Keterangan-keterangan di atas cukup bagi kita untuk
menyimpulkan bahwa Abû Bakr tidak beriman begitu saja, melainkan memiliki
alasan yang kuat untuk itu, yang telah dipikirkan dan disiapkannya sebelum
datangnya ajakan dari Rasulullah Muhammad shallallâhu ‘alaihi wasallam; bahkan
mungkin sebelum beliau shallallâhu ‘alaihi wasallam diutus menjadi
Rasul. Kesimpulan ini diperkuat dengan kenyataan bahwa Abû Bakr radhiyallâhu
‘anhu telah memahami dengan baik kebatilan agama Jahiliyah yang dipeluk
oleh masyarakatnya.
Mari kita simak apa yang diterangkan di dalam kitab berjudul ash-Shâhib
wal Khalîfah Abû Bakr ash-Shiddîq karya Syaikh Râghib as-Sirjânî, bahwa
sebelum masuk Islam, Abû Bakr telah mengetahui kebatilan agama orang-orang
musyrik. Syaikh as-Sirjânî mengujarkan:
Kemudian marilah kita berpikir bersama ash-Shiddîq, agama
seperti apa kiranya yang akan aku tinggalkan sehingga aku perlu berpindah
kepada agama baru ini? Apakah aku akan meninggalkan agamanya orang-orang
Quraisy? Seperti apa agama mereka itu? Apa yang mereka agungkan? Kepada tuhan
apa mereka bersujud? Apakah ash-Shiddîq akan meninggalkan Islam untuk
mengagungkan Lâta, ‘Uzzâ, Manâh, dan Hubal? Mustahil!
Ash-Shiddîq senantiasa memandang rendah batu-batu itu,
sebagaimana ia ceritakan. Ia berkata: Saat aku telah mendekati dewasa, Abû
Quhâfah menuntun tanganku menuju sebuah kamar yang di dalamnya banyak berhala.
Lalu ia berkata kepadaku: Inilah tuhan-tuhanmu yang tinggi nan luhur. Lalu ia
pergi meninggalkanku seorang diri.
Ash-Shiddîq lalu berkata: Lalu aku mendekati berhala itu,
dan aku katakan: Aku lapar, berilah aku makan. Tetapi berhala itu tidak
menjawabku.
Tentu saja ash-Shiddîq bertanya untuk mengolok-oloknya. Ia
tidak perlu menunggu jawaban dari berhala-berhala itu. Semua manusia juga tahu
hal itu.
Ash-Shiddîq berkata lagi: Aku berkata lagi kepadanya: Aku
telanjang, maka berilah aku pakaian. Dia tetap tidak menjawabku. Lalu aku
melemparkan batu besar ke mukanya.
Sejak ia mencapai dewasa, keyakinan seperti itu tetap ada di
dalam dirinya, bahwa berhala-berhala ini tidak dapat memberi manfaat maupun
mudarat. Ash-Shiddîq radhiyallâhu ‘anhu wa ardhâhu mengetahui dengan
yakin bahwa berhala-berhala ini bukanlah tuhan-tuhan. Ash-Shiddîq radhiyallâhu
‘anhu wa ardhâhu memiliki kecerdasan yang tinggi. Kebodohan berhala-berhala
itu tidak tertutup di dalam benaknya. Karena bagaimana mungkin akal sehat
menerima bahwa sebuah berhala dapat mencipta dan membentuk rupa, menunjuki dan
mengasihi, serta memberi rejeki dan menolong? Bagaimana mungkin itu masuk akal?

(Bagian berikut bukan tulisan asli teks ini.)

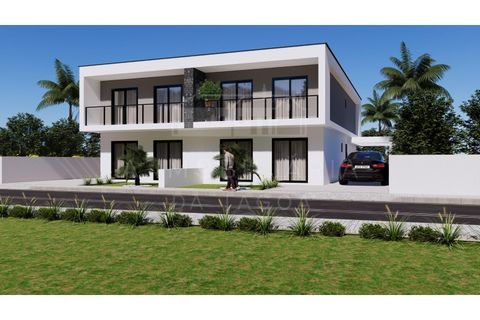 Byhus i Fernao Ferro, Setubal, Fernao Ferro - € 595.000 | Ref: HAB_552 - foto 1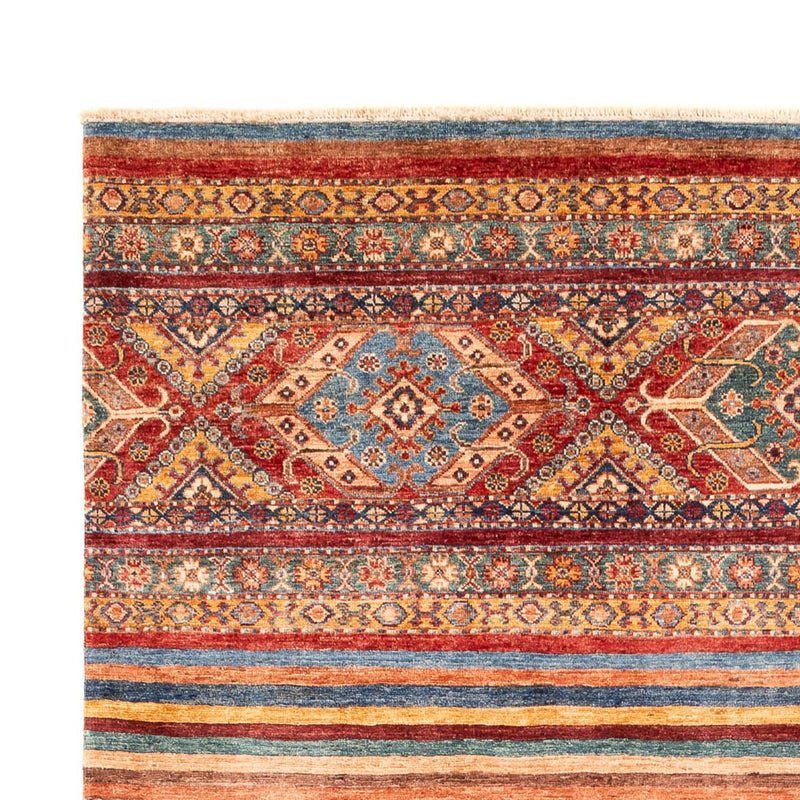 Shal Teppe 287x205cm - Orientalsk teppe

Bagaimana bisa masuk di akal, seekor sapi dapat membuat syariat? Bagaimana bisa
masuk akal sebatang pohon dapat memutuskan dan mengatur? Berbagai perkara ini
tidak mungkin terlintas dalam benak orang yang jenius lagi benar semacam dia radhiyallâhu ‘anhu?
Sederhananya, ia telah mengetahui bahwa agama Quraisy adalah
agama yang munkar, dan bahwa Islam adalah agama yang benar. Sederhananya pula,
ia mengetahui bahwa alam ini memiliki pencipta dan bahwa Muhammad shallallâhu
‘alaihi wasallam adalah seorang rasul.
Ketika pemikiran ini telah jelas di mata ash-Shiddîq radhiyallâhu
‘anhu, melihat kebenaran Islam dan kebatilan Jahiliyah, serta mengetahui
perbedaan antara keduanya, maka sejak kesempatan pertama, ia memutuskan untuk
mengganti kebatilan dengan kebenaran, membuang kemungkaran dan mengokohkan yang
makruf. Ia memutuskan untuk melakukannya, apapun risiko dan pengorbanannya.
Maka ia memutuskan untuk masuk Islam, meskipun Makkah dan masyarakat Arab,
bahkan seluruh dunia, akan memeranginya. Ia memutuskan itu semua, karena ia
adalah seorang yang berjiwa positif. Seorang yang positif hatinya akan menolak
ketika melihat kemungkaran dan tidak ambil peduli terhadap risikonya. Hatinya
tidak akan bisa rehat, anggota badannya tidak dapat tenang, kecuali apabila ia
melakukan aktivitas mengubah kemungkaran itu menjadi kemakrufan. Demi Allah,
ini adalah sifat teragung yang dimiliki oleh Ash-Shiddîq radhiyallâhu ‘anhu
wa ardhâhu – semoga Allah rido kepadanya dan ia pun rido kepada-Nya.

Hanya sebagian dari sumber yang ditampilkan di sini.